Work required: Word-for-word transcription: reproduce all of the data, but not the pictures.

Data section:
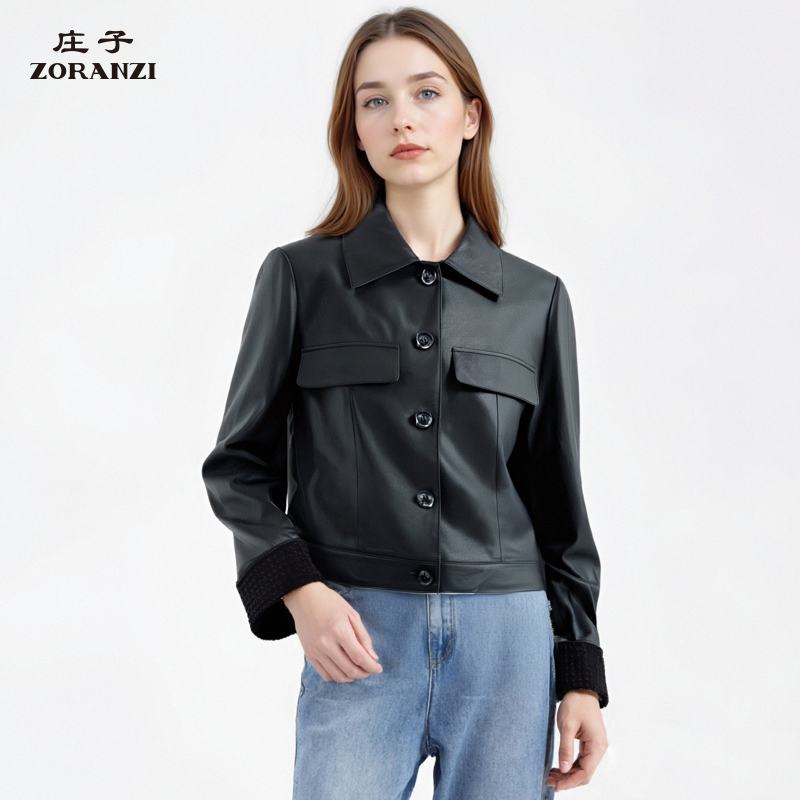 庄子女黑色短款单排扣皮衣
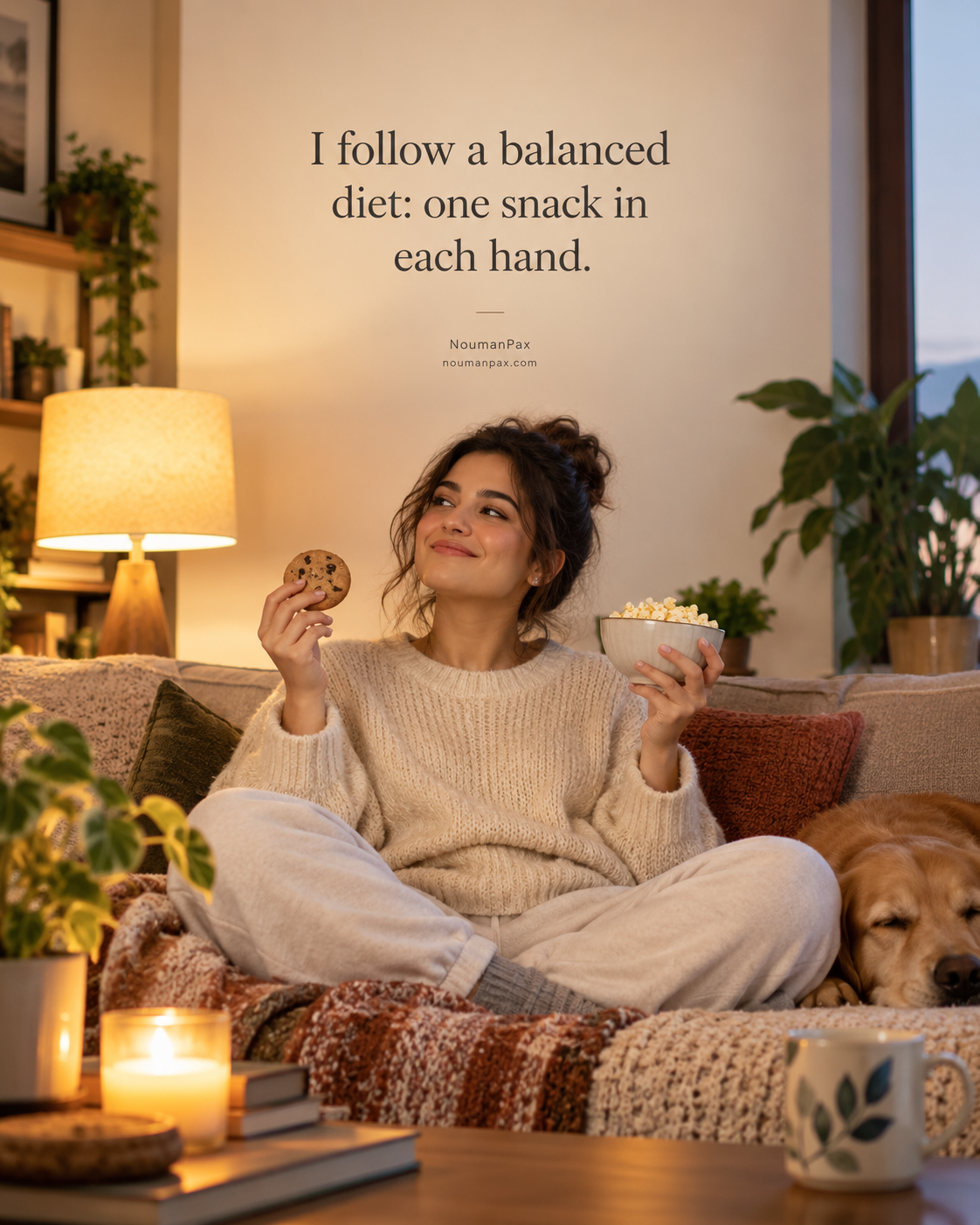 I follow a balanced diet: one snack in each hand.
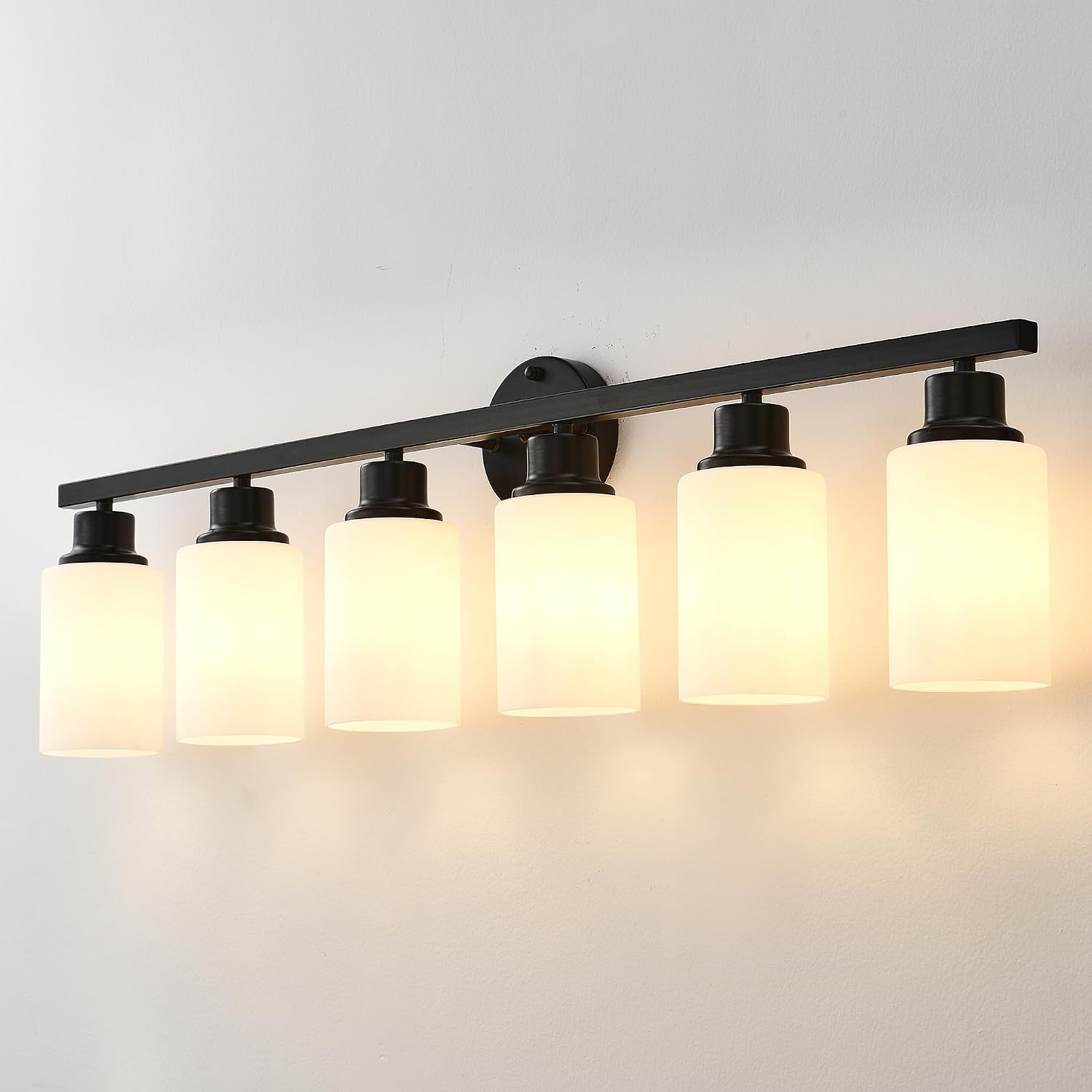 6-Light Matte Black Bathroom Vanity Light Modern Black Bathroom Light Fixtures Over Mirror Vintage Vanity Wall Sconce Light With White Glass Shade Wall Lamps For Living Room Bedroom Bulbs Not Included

Answer section:
 庄子女黑色短款单排扣皮衣
 I follow a balanced diet: one snack in each hand.
 6-Light Matte Black Bathroom Vanity Light Modern Black Bathroom Light Fixtures Over Mirror Vintage Vanity Wall Sconce Light With White Glass Shade Wall Lamps For Living Room Bedroom Bulbs Not Included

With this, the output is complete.